Currently a church or school with multiple buildings is allowed the same amount of signage as those with just one building. The updated ordinance, discussed during Monday’s workshop, would allow buildings with at least 2,000 square feet to display up to three signs.

During a January meeting Marquardt said he felt organizations with large campuses were disadvantaged by current sign restrictions.

Councilmembers agreed to forward the ordinance updates to the new business calendar for an upcoming council meeting.
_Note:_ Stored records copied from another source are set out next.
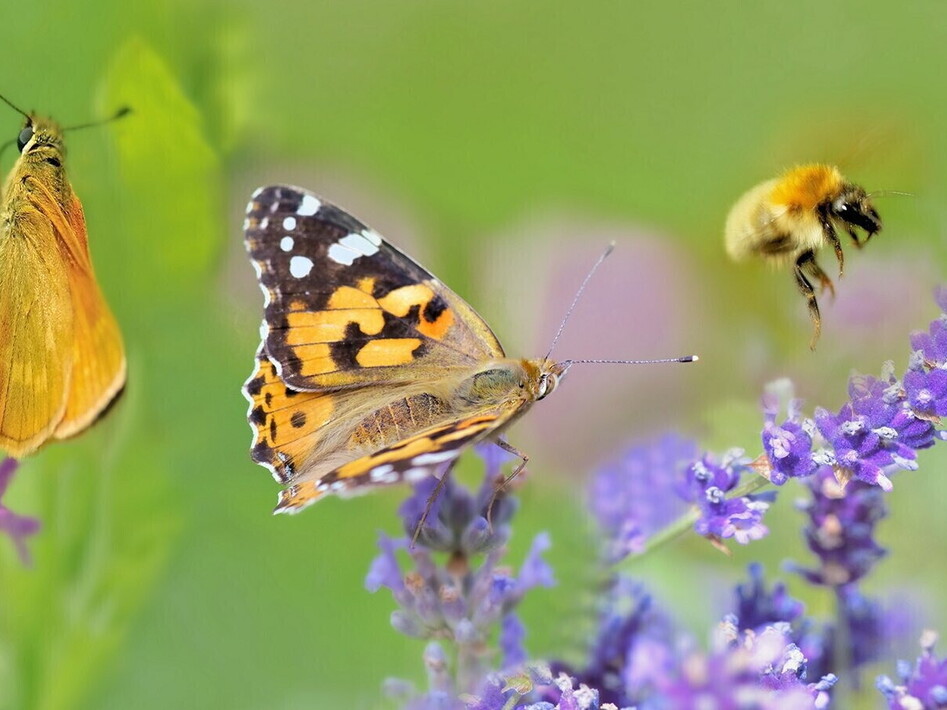A buzz for biodiversity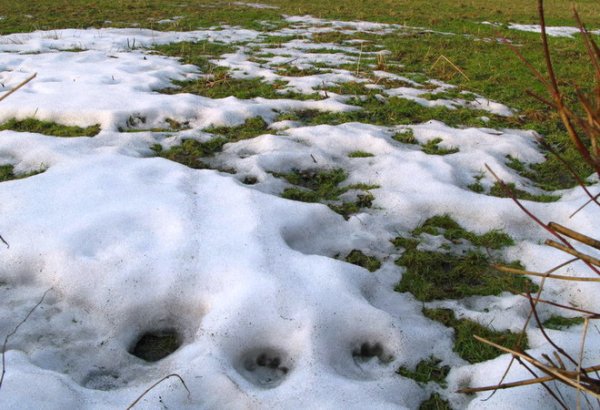 Тает снег для детей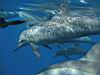 23_dolphins_5.jpg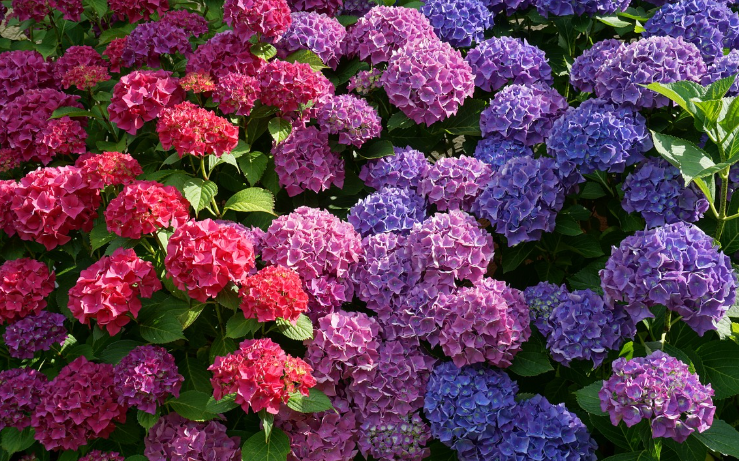 수국 개화 시기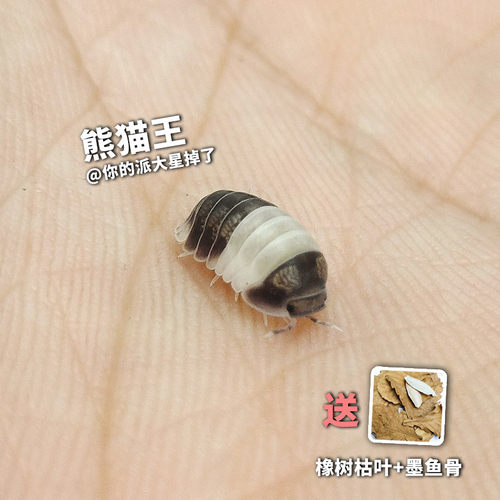 熊猫王宠物西瓜虫鼠妇活虫体学生实验昆虫鸭仔柠檬蓝琥珀桌面景观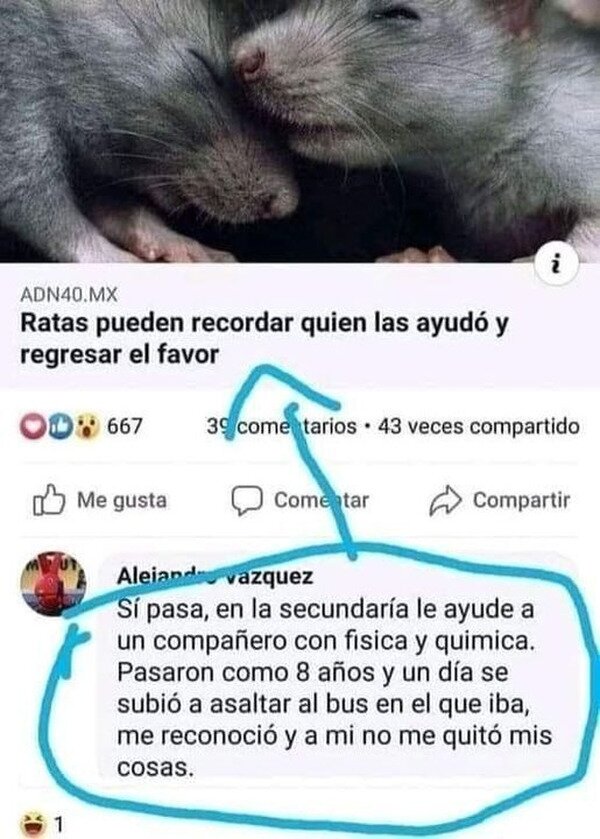 Meme_otros - Las ratas tienen memoria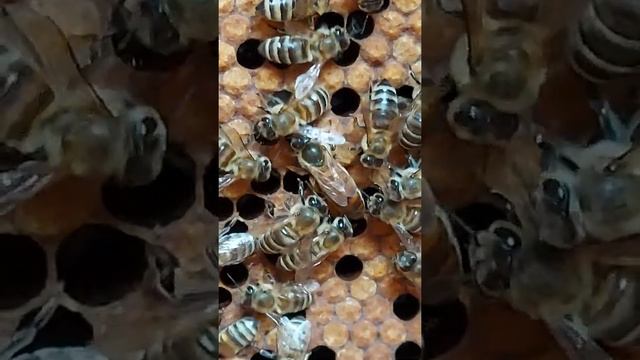 Весеннее развитие пчелинной семьи. смотреть онлайн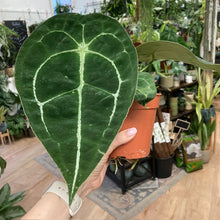 Kép betöltése a galériamegjelenítőbe: Anthurium forgetii
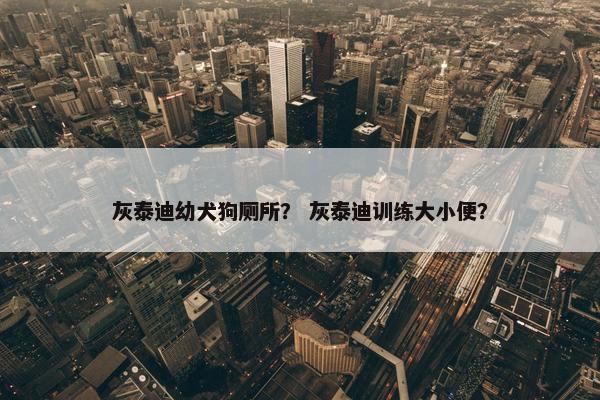 灰泰迪幼犬狗厕所？ 灰泰迪训练大小便？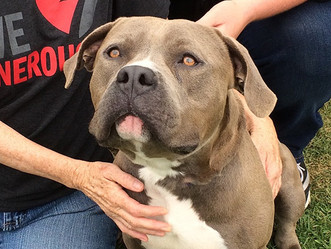 AFLAR Rescues Stormy from Shelter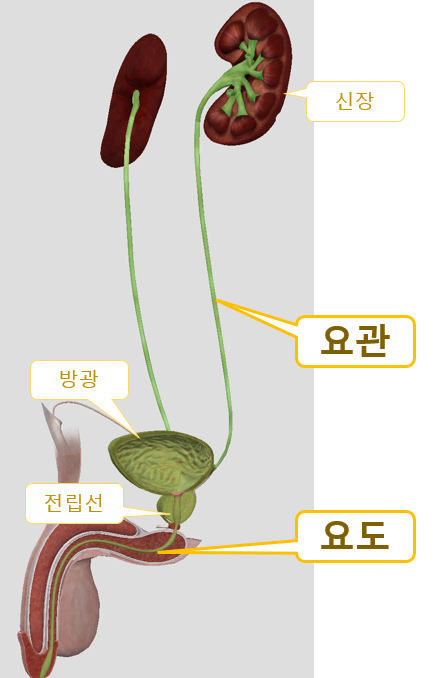 요관과 요도 : 네이버 블로그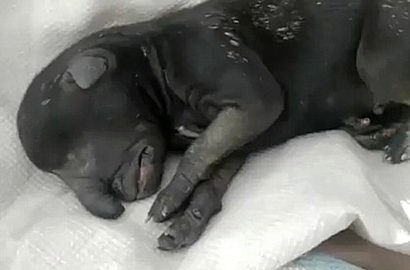 Anak Anjing di Argentina Terlahir dengan Hidung Belalai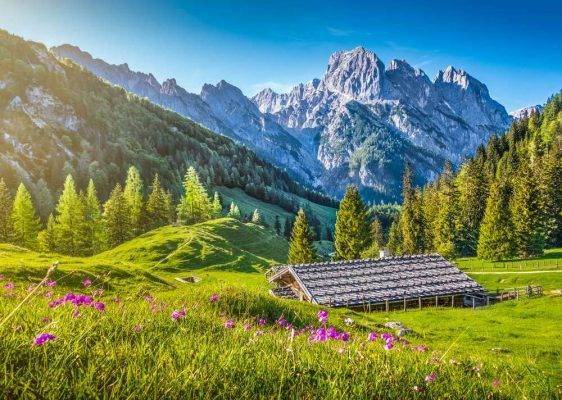 الحديقة الوطنية السويسرية  السياحة في سويسرا في شهر مارس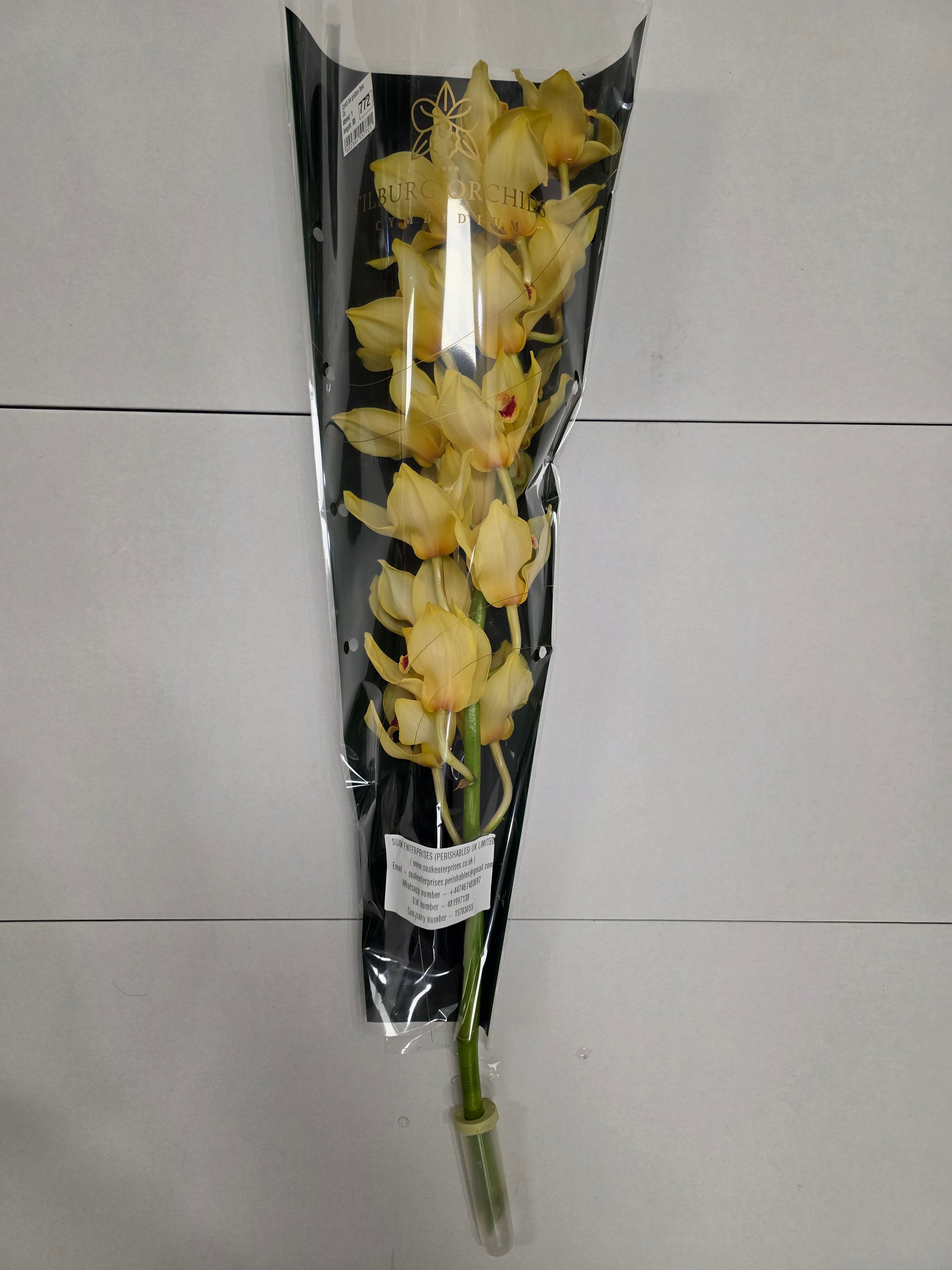 Farm Fresh Orchids/CymbidiumTak Golden Fleece(Bunch of 1unit, Length 70cm)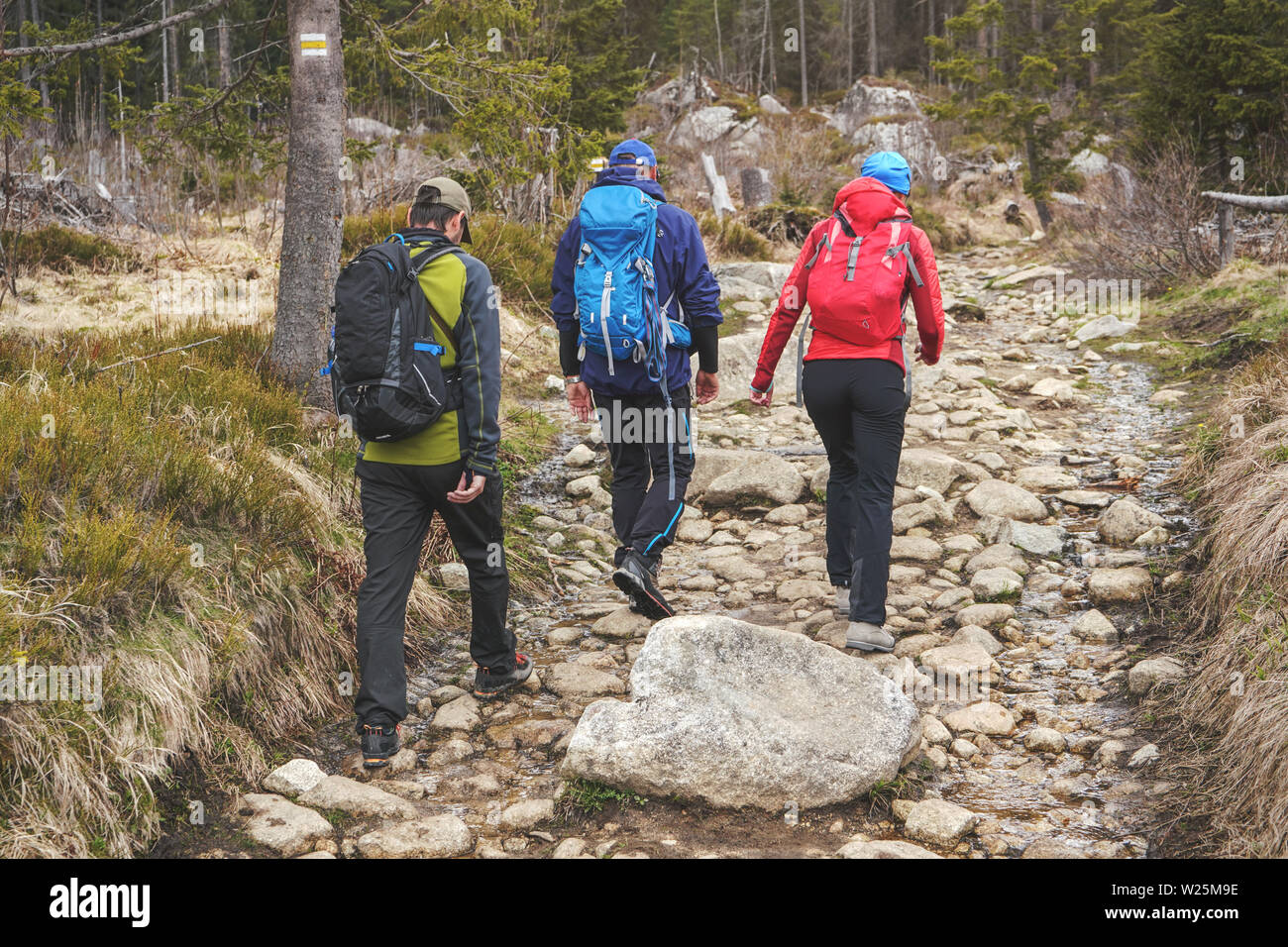 Tre gli escursionisti in bright sport vestiti camminando sul sentiero forestale, rocce e alberi intorno. Vista dal retro Foto Stock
The council also continued its discussion on the separate-but-related issue of updating the special events section of city code to accommodate St. Agnes Catholic Parish’s October display for abortion awareness month. The church’s display of roughly 40 small crosses violates current code which allows organizations to advertise special events by displaying up to three signs for four days.

This was the fifth time the issue has been brought before councilmembers since December.

The latest round of updates would allow an unlimited number of signs to be posted for up to 31 consecutive days for a maximum of 60 days per year. The entire event display could not exceed 500 square feet or 5 percent of the total square feet of the property, whichever is less.

City staff said attorneys representing Roeland Park and St. Agnes supported the proposed changes for temporary signage and special events signage.

However, during Monday’s meeting St. Agnes Attorney Jeanne Gorman said it sounded like city staff was interpreting the definition of a structure within the ordinance differently than what the church had thought. Gorman said she had interpreted the definition to mean the church and its schools could have events according to their own building structure.

“If that’s not the case then St. Agnes would ask for some kind of accommodation,” Gorman said.

Councilmember Tim Janssen suggested adjusting language so it only restricted signage to a percentage of the total square feet of the property. Marquardt questioned whether that allowance would grant too much signage space.

After a brief discussion with Gorman city staff suggested changing the language so signage restrictions would apply to addresses, instead of structures.

Janssen said the suggestion made sense and asked for a consensus to forward the issue to council. Enough councilmembers signaled their approval and the item was added to new business for an upcoming meeting.